Of my own mind; and in the midst of tears

I hid from Him, and under running laughter.

Although Jeff seems satisfied with his life and just laughs about Thompson’s hound, trouble begins with a television interview.

Actor Ed Nelson (Dr. Rossi of “Peyton Place” fame) plays Jeff’s father, winner of a local industrial-achievement award. As Warren gives his acceptance speech, Jeff tells reporters why he dislikes the “military-industrial complex” his father is a part of. That evening when Warren asks Jeff about what he said, a fight ensues. But Director Jim Collier doesn’t provide enough tension and dramatic buildup to account for the son’s sudden walkout. Jeff packs his things, throws his credit card at his father, and drives off in his General Motors van (bought for him by his father).

Jeff reacts in a similar way to Michelle’s Christian piety.

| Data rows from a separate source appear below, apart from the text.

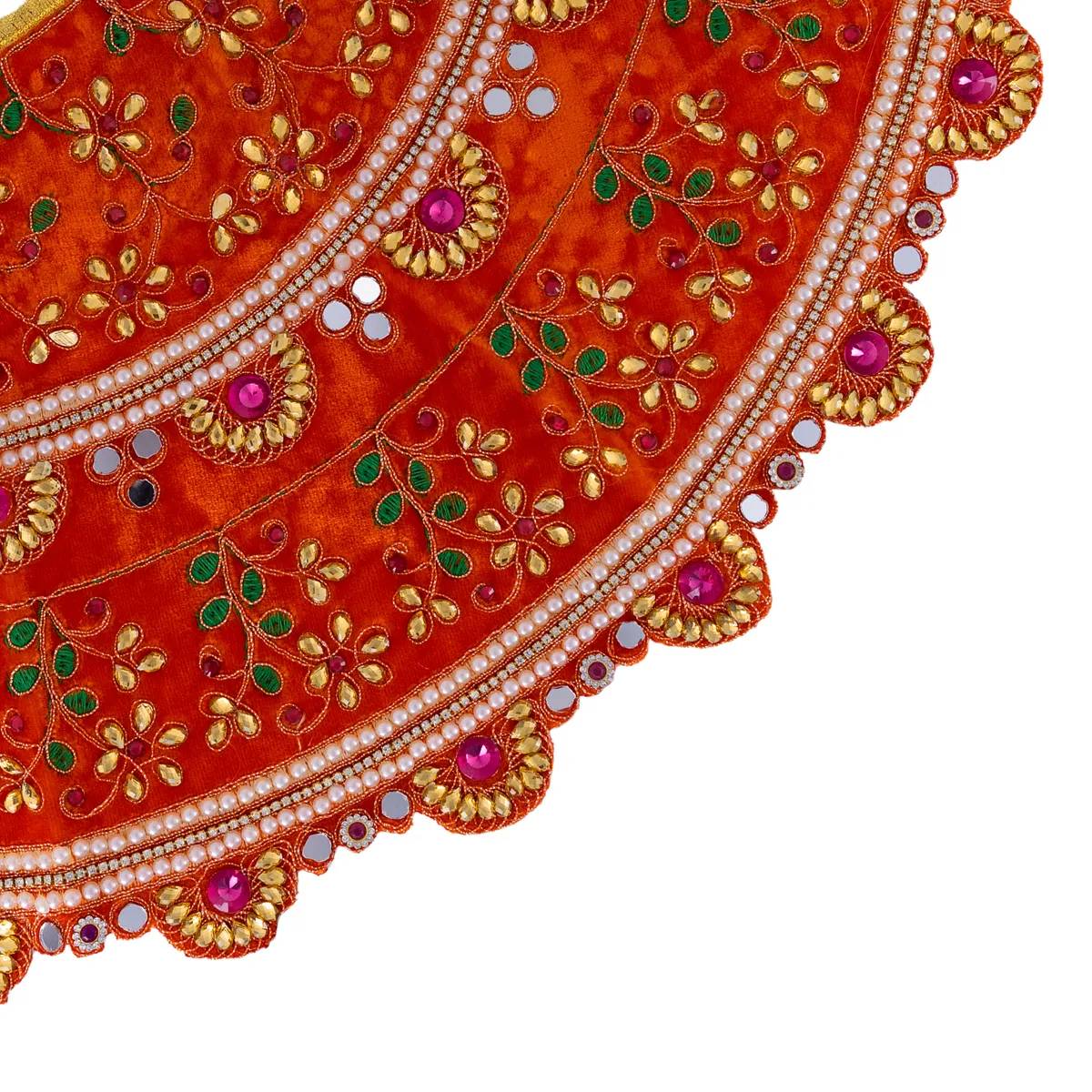 Durga Dress - 15 Inches |Lehenga Patka/ Mata Rani Poshak/ Embroidery Amman Pavadai/ Assorted Colour - Image 10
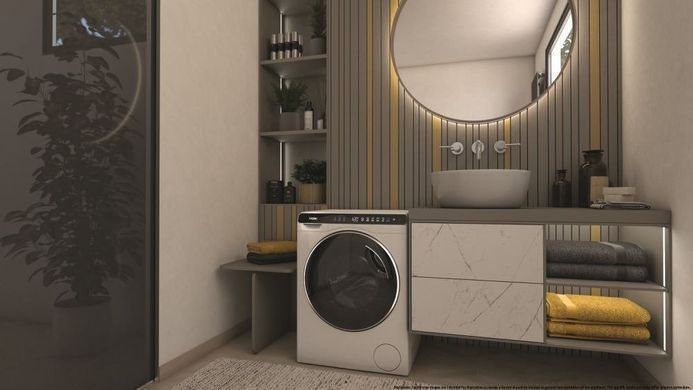 Haier Пральна машина фронтальна, 5кг, 1000, A+++, 44см, дисплей, інвертор, люк чорний, висота 70см, білий (372639) HW50-BP12307 фото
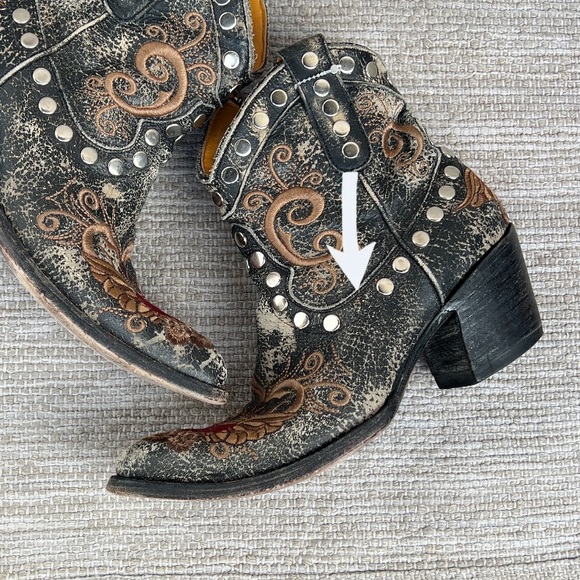 Old Gringo Little G Heart Crackle Distressed Leather Western Boots Size 7 - Picture 15 of 16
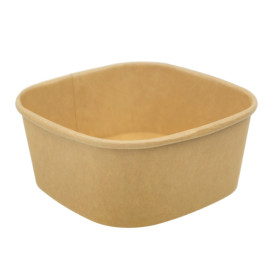 Pot Carré en Carton Kraft 500ml 13x13x5,6cm (50 Utés)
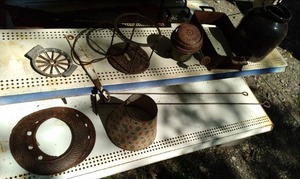 lot 82 image: Vintage Lantern, Lamp Shade, Stonew...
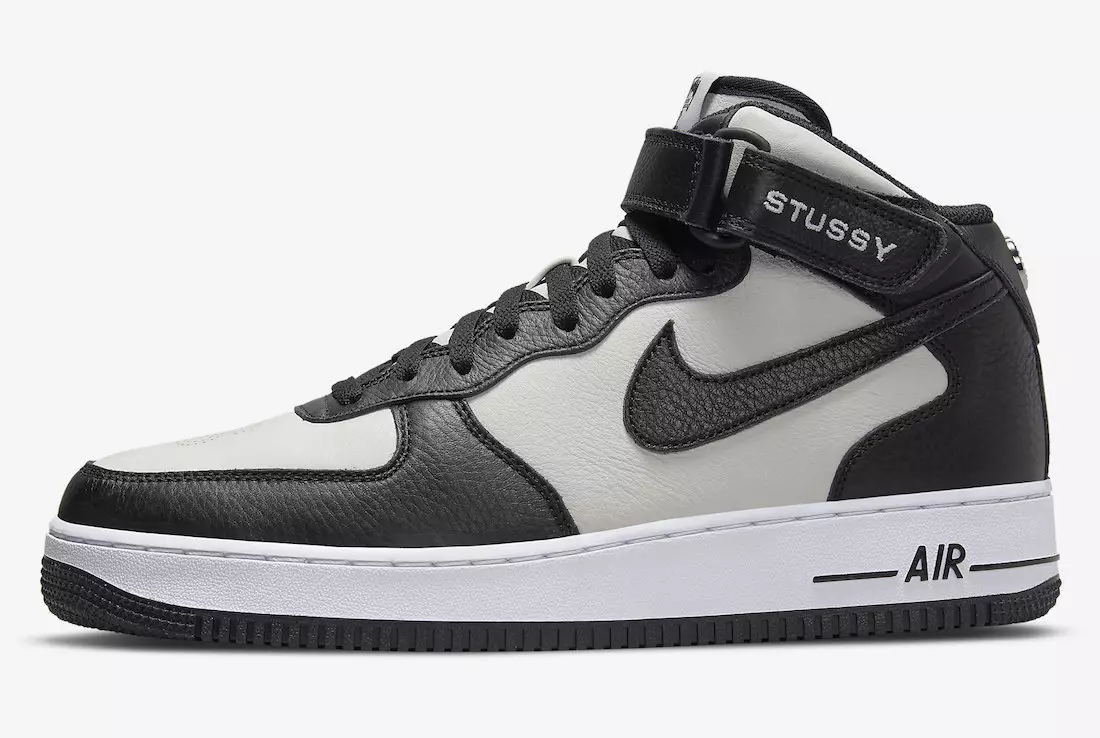 Stussy Nike Air Force 1 Mid Black Light Bone DJ7840-002 Julkaisupäivä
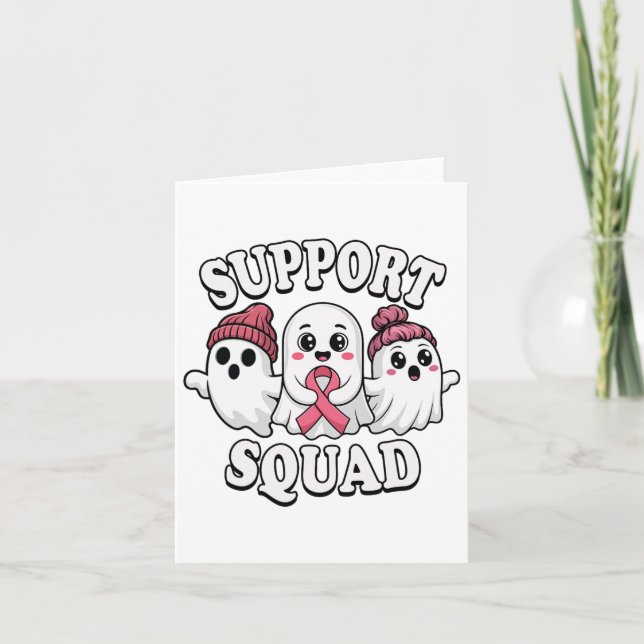 Support Squad Cute Ghosts Breast Cancer Awareness  Card (Front)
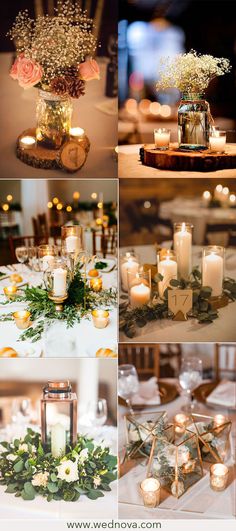 wedding centerpieces with candles and greenery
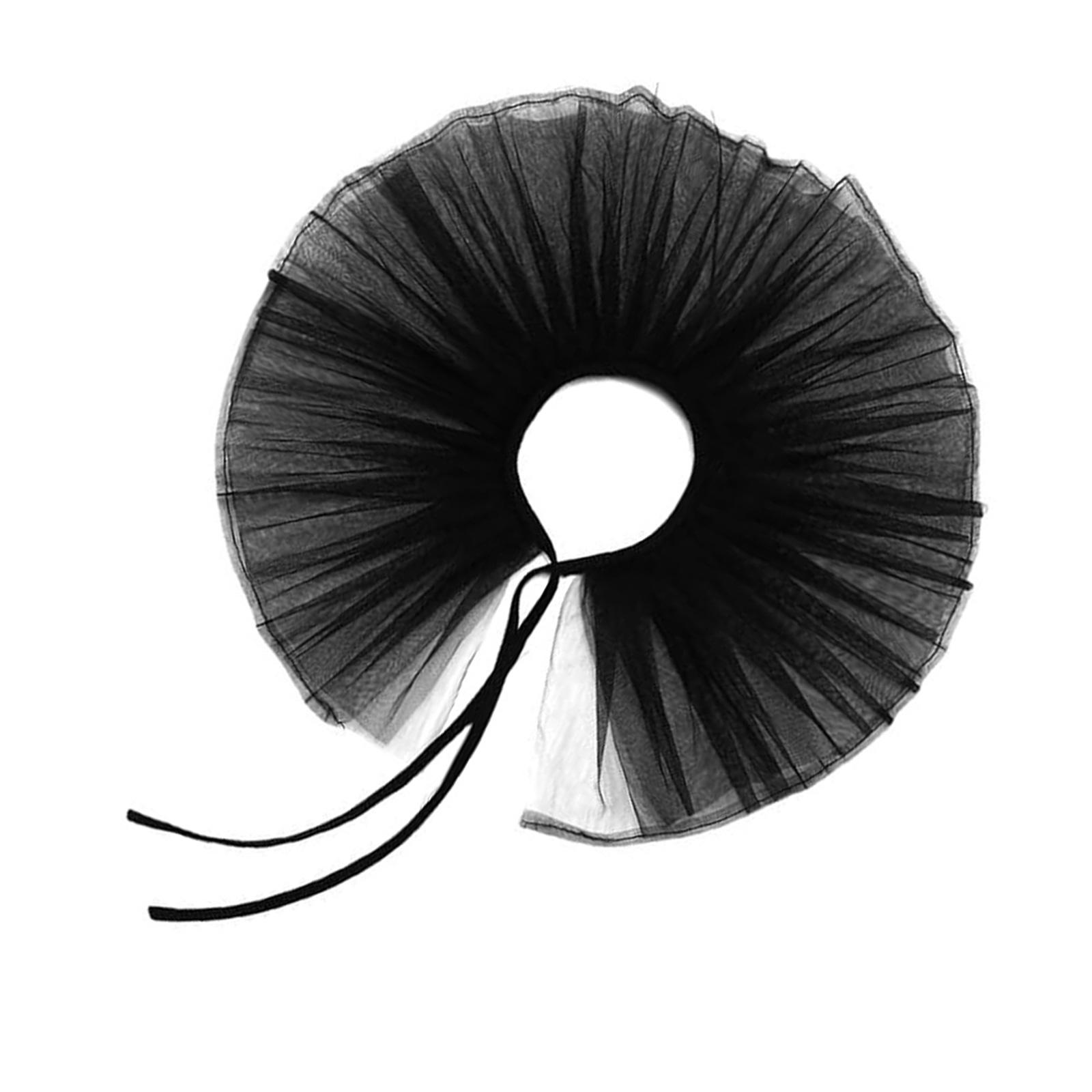 

Викторианский воротник с рюшами из тюля, ренессансный прозрачный воротник-стойка для рубашки, блузки, декоративный отложной ложный воротник чёрный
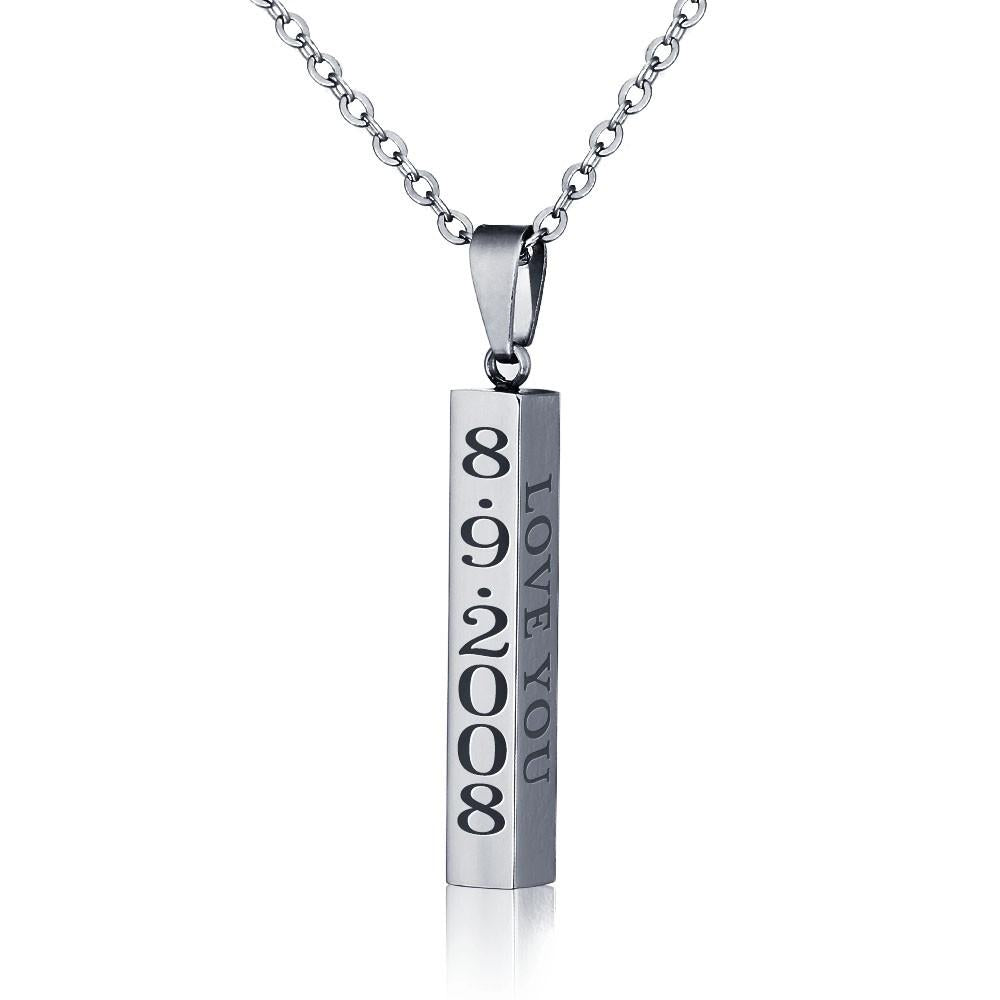 Personalized Name Date Necklace - Engravable Vertical Bar Pendant - Unisex Stainless Steel Jewelry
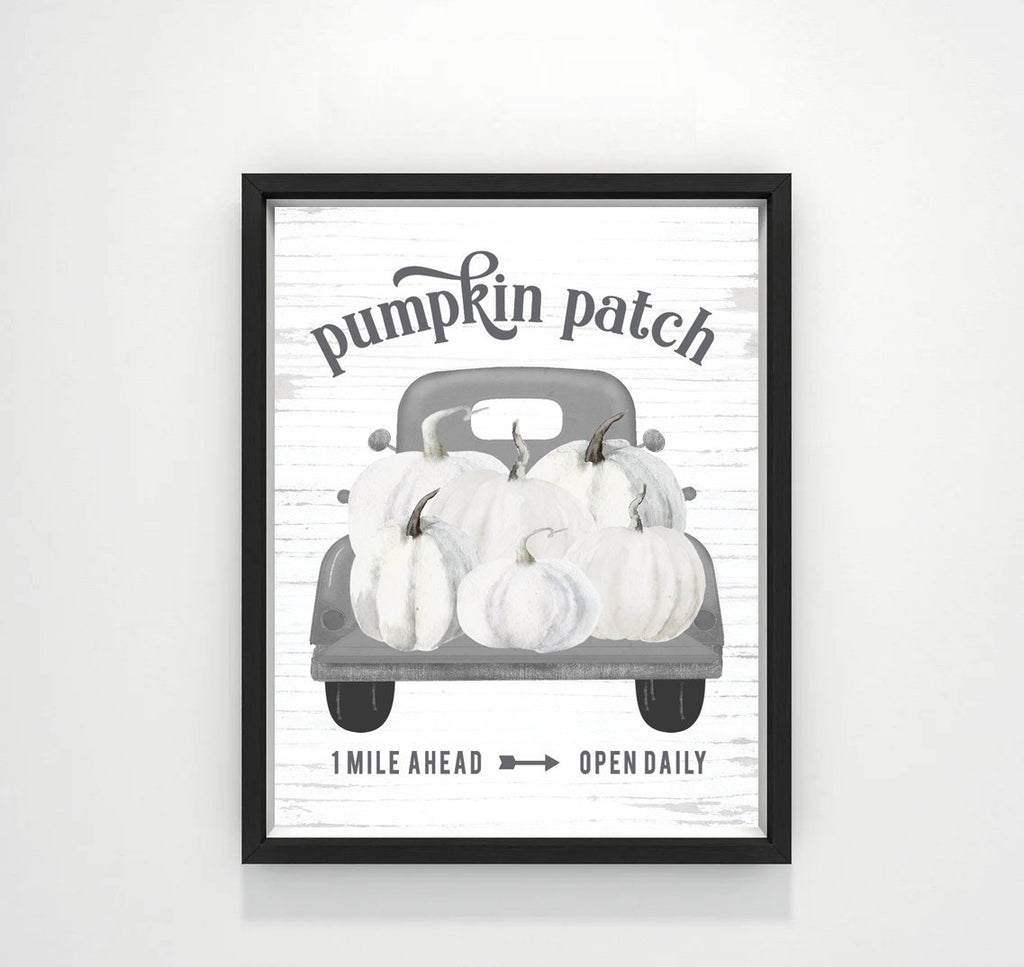 Pumpkin Patch Gray Truck White Pumpkins - Lettered & Lined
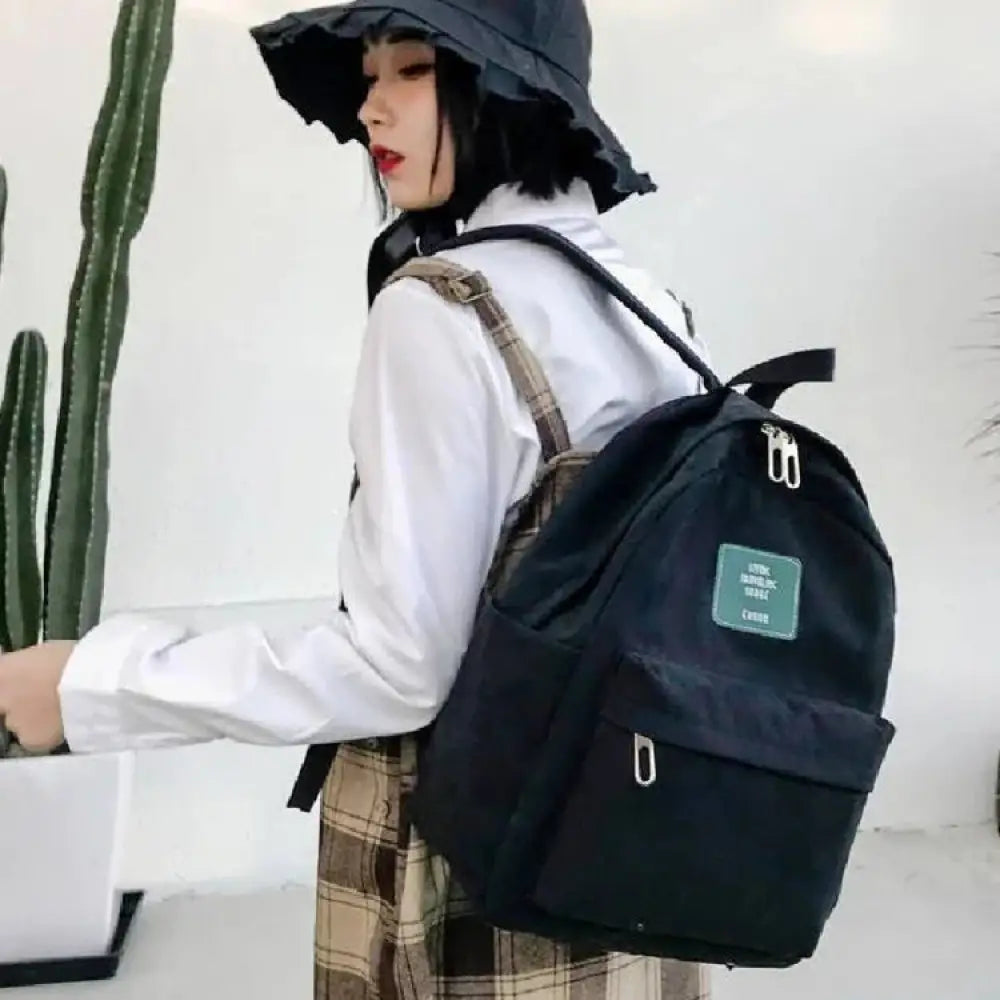 Women's Korean Corduroy Pastel School and Travel Backpack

Alone with her, he says, “We could really make it here together.” She gives him an injured, little-girl look and walks away from him without really dealing with the situation. Somehow Michelle’s treatment of Jeff makes one wonder whether she does indeed love him as she says. Jeff storms out, leaving Michelle wide-eyed and confused. Collier makes Michelle look like a more-than-modern coed (though her ultra-mini skirts are now somewhat out of fashion), not quite in character with her actions.

The dialogue misses the mark in trying to be “with it.” Jeff hides out in an unoccupied mansion (his big misdeed, which gets him charged with a misdemeanor and a $50 fine) and Michelle goes to see him. Michelle’s remark, “You look pretty strung out,” seems strange, since Jeff’s appearance hasn’t changed. He melodramatically replies, “I’ve been trying to put it all together.” The best and most dramatic line follows: “If you mention that Jesus stuff, I’ll throw up.” Jeff serves that line with true disgust.

It takes four policemen and a TV-style chase to capture Jeff at the mansion, which seems a little forced for one whose only crimes besides trespassing were three speeding tickets.

The rebel finally leaves and travels across the country, still, unbelievably, clean-shaven and neatly dressed (see photo). Eventually he returns to Michelle, stops running from the hound of heaven, and testifies at another Sunday-afternoon concert (the kids are singing “Kumbaya”). His parents arrive on the scene and the three are reunited. Here the action stops and Billy Graham invites those who have felt “the hound of heaven … tugging at your heart” to come to the front of the theater and commit their lives to Christ.

Time to Run will reach some kids (about twenty teen-agers made commitments for Christ at the matinee this reviewer attended). But it is doubtful that this technique of evangelism will work with moviegoers off the street (some viewers were heard to comment cynically about the ending). The film seems aimed at an evangelical audience. A spokesman for World Wide Pictures said inquiries are running as high as 10 per cent of the viewing audiences. For example, in the Minneapolis-St. Paul area, 68,500 attended showings and more than 7,000 inquiry cards were turned in.

Warren Cole remarks to Jeff, “You could never be any more than an annoyance.” He was this to his parents, his girlfriend, and himself. This reviewer wishes he had been less of an annoyance and had instead shown a sense of deep-seated, deeply realized sinfulness.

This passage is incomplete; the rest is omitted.